Red Onion Story
The Vedas dished it.Gandhi endorsed it.Sardar Patel joined the satyagraha movement for it. The pungent root vegetable has played an unexpectedly important role in history
The red onions are just prefect, fat, firm globes, glowing with magenta-red vigour, promising crisp sweet heat when you bite into their packed layers, a nose-clearing pungency that gives way to a satisfying savoury flavour — and that's even before you cook them. In restaurants I can never resist snacking on them when they are put on the table (but not the ones soaked in vinegar, which destroys their taste; salty chaat masala, on the other hand, greatly enhances them).
Pablo Neruda wrote an ode to them: "luminous flask/ your beauty formed/ petal by petal/ crystal scales expanded you/ and in the secrecy of the dark earth/ your belly grew round with dew…You make us cry without hurting us/ I have praised everything that exists/ but to me, onion, you are/ more beautiful than a bird/ of dazzling feathers/ heavenly globe." Neruda, I assume, was writing about the onions of his native Chile, but I wonder how much more he could have written if he had known our red onions.
I am unapologetically chauvinist here, and it comes from suffering onions abroad. I am sure there must be good ones, but the regular onions I have found in places like New York and London were watery, mushy and tasteless, and not a patch on what we get here. You have to cook them for hours to get rid of the water and have the sugars in them caramelise to something vaguely nice. I have an American chef friend who loves Indian onions so much that he loads them in his luggage when he goes home. I have no idea how he gets past the sniffer dogs, but perhaps they take one whiff of our powerful piyaz and decide it's wiser to pretend ignorance.

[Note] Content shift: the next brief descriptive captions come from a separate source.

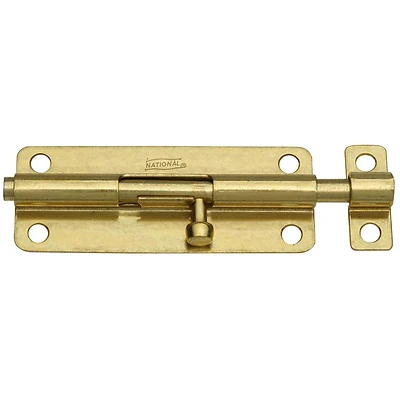 National Hardware N151-761 Barrel Bolt, Steel, Brass, 5 In.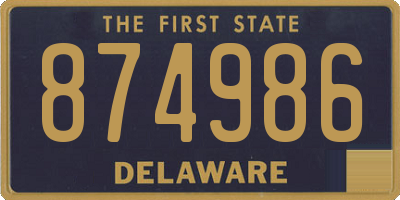 DE license plate 874986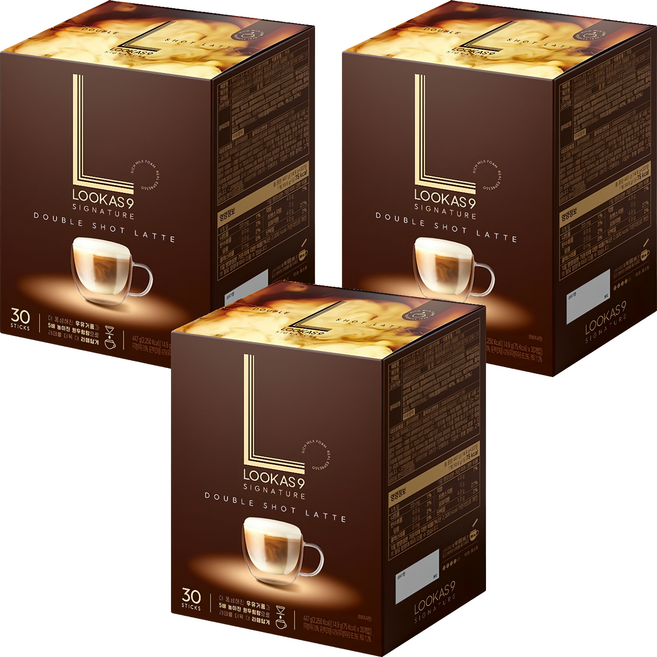 LOOKAS9 Double shot LATTE 雙倍拿鐵咖啡, 14.9g, 3盒, 30包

Onions are at the root of most of Indian restaurant food. Camellia Panjabi recently told me why the UK government's efforts to ban Indian restaurant workers and get unemployed Brits to take on curry house jobs would never work: "For almost the first year the only job an Indian restaurant worker does is peel, chop and cook onions. Where will you get a young British person willing to do that?" The onions are cooked down into the 'base', the sauce that along with ginger-garlic and various spices is customised into whichever dish is required.
The 'base' can be abused, imposing an underlying similarity of flavour across all dishes, but used properly can result in delicious food. This sort of use of onions is often seen as characteristically North Indian, but it isn't unknown in South India either. Recently I saw a packaged masala brand in Chennai that advertised itself as 'Hotel Sambhar' — the main difference from regular sambhar masala was simply the use of onions. Of course, what's used in the South is often the smaller 'Madras onions' which are sometimes shallots, a variant of the family, but are sometimes also really just small onions.
But consider
the conundrum here - we grow wonderful onions and use them well,
yet in probably no other country is the prejudice against onions so
strong. It's true that Western societies have sometimes looked down on
onions for their strong smells, but this is usually an extension of the far
stronger (and equally silly) prejudice against garlic. In fairness, one should
note that food smells can be far more lingering and annoying in the closed,
centrally heated rooms of these countries. But this prejudice is nothing like
the religious abhorrence of onions in India, which has very deep roots.
KT Achaya notes that onions do not feature in Vedic literature and when they do show up, they are seen as food for foreigners or the low caste. He quotes early Chinese travellers to India like Fa Xian around the start of the 5th century who wrote that most Indians did not eat onions and garlic, while two centuries later Xuan Zang noted that "if anyone uses them for food, they are expelled beyond the walls of the town." Today food prepared without onions is typically referred to as Jain, but the proscription predates them and where their belief is consistent with a larger ban on root vegetables, the Hindu feeling seems more directly linked to the powerful flavour and smell of onions.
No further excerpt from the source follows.